Prime Minister Benjamin Netanyahu praised the United States for its decision to slash payments to the controversial UN Relief and Works Agency for Palestine Refugees in the Near East (UNRWA) organization.
On Friday, the administration of U.S. President Donald Trump announced that it would cut nearly $300 million from its UNRWA funding and slammed the organization for perpetuating conflict between Israel and the Palestinians by perpetuating the idea that all Palestinians are refugees.
In a written statement released Friday, the State Department said the U.S. “will no longer commit further funding to this irredeemably flawed operation” and its “exponentially expanding community of entitled beneficiaries.” The United States said it would find other ways to fund projects to benefit the Palestinians.
Speaking at a ceremony for Israel’s first day of school, Netanyahu asked, “Have displaced people not come to us from various countries? Holocaust survivors torn from their land? They were displaced, survived and came here. Did we keep them in the status of refugees? No, we absorbed them, including hundreds of thousands of Jews who left all their property behind and were expelled from Arab countries in the [1948] War of Independence.”
“We did not keep them as refugees. We made them equal and contributing citizens of our state,” added Netanyahu. “That is not what is happening with the Palestinians, in which 70 years ago they created a special institution: not absorbing refugees, and instead perpetuating refugees.”
“That’s why the U.S. did something very important by stopping funding for the refugee perpetuation agency known as UNRWA,” Netanyahu continued. “It is finally starting to solve the problem. The funds must be taken and used to genuinely help rehabilitate the refugees, whose true number is a fraction of the number reported by UNRWA.”

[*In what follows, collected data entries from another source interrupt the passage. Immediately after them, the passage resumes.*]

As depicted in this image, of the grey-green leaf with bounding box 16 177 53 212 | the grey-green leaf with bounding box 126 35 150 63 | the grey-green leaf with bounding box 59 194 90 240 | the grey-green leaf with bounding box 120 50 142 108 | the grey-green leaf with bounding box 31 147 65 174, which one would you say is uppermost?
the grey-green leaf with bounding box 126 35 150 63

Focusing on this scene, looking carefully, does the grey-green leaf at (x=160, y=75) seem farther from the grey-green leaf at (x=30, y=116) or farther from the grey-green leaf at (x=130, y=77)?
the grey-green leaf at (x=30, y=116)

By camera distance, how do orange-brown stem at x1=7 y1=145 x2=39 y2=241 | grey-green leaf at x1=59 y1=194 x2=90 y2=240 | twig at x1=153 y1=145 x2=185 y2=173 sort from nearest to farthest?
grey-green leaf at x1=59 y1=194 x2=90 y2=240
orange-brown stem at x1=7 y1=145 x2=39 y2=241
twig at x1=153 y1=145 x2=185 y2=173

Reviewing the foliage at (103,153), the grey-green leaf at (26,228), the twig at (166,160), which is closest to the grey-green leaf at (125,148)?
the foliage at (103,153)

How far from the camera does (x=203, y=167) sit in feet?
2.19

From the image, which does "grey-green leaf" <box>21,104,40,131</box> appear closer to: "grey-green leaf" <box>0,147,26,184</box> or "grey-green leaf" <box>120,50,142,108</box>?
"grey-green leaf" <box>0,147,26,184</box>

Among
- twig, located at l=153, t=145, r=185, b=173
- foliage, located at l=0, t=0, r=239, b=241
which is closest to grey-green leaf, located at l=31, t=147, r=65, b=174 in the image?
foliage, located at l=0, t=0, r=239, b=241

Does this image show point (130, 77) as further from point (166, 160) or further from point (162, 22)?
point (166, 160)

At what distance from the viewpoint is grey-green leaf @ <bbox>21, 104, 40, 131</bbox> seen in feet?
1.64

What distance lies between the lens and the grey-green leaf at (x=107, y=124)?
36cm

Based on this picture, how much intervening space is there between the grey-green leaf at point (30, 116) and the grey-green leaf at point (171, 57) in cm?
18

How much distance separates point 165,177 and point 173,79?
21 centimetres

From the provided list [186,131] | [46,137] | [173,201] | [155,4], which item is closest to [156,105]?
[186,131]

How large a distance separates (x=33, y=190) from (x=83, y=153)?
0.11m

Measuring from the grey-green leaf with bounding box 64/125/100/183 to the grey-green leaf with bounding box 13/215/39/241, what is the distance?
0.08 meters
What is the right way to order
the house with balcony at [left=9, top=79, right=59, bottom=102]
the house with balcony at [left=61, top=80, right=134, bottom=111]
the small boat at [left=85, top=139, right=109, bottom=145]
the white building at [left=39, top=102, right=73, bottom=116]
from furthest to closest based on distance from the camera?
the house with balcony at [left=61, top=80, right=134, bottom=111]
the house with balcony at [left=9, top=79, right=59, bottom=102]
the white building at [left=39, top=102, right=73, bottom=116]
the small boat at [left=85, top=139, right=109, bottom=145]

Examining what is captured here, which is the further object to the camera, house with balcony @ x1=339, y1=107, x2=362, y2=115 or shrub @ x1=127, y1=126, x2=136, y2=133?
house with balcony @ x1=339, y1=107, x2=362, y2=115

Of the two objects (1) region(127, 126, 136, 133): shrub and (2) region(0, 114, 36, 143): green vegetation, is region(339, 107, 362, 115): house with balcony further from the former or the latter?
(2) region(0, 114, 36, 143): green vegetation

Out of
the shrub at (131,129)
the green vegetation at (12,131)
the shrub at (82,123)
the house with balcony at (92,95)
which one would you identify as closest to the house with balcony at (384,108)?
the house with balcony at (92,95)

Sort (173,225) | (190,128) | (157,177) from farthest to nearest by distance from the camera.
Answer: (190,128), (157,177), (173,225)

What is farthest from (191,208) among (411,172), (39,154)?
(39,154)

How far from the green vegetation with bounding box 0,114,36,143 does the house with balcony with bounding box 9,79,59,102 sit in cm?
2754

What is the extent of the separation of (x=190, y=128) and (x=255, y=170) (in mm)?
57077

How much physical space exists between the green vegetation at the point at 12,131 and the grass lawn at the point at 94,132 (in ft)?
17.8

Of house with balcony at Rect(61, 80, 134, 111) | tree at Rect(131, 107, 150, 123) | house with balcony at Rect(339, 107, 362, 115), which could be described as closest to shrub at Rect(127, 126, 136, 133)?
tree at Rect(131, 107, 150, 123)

The U.S. administration said it was willing to continue working with UNRWA if the body amended its numbers to reflect the number of people who were original refugees of the war in 1948. Though only tens of thousands of Palestinian Arabs were displaced in the war, UNRWA currently numbers refugees from the War of Independence at 5 million people. According to international law, refugee status cannot be automatically conferred on descendants by birth, and must reflect personal displacement as a result of war, persecution, or natural disaster.
Israel’s Foreign Ministry also praised the U.S. decision in a statement, deriding UNRWA as an entity whose “sole purpose is sustaining an illegitimate instrument aimed at the destruction of the State of Israel.”